→ **PROBLEM TO WORK ON**: Only the pictures are dropped; the lines of the material that follow are returned exactly.

→ **DATA**:
^^^^^^^^

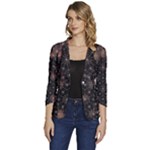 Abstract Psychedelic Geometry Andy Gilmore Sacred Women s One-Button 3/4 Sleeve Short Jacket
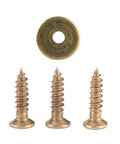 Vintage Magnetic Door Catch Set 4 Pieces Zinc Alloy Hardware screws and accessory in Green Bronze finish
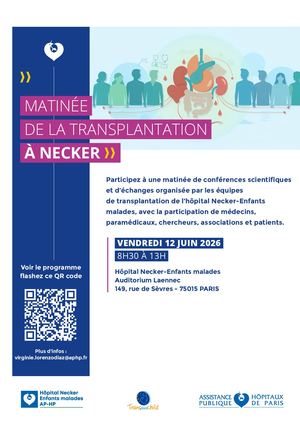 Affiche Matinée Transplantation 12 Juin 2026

^^^^^^^^

→ **REPLY TO THE TASK**:
 Abstract Psychedelic Geometry Andy Gilmore Sacred Women s One-Button 3/4 Sleeve Short Jacket
 Vintage Magnetic Door Catch Set 4 Pieces Zinc Alloy Hardware screws and accessory in Green Bronze finish
 Affiche Matinée Transplantation 12 Juin 2026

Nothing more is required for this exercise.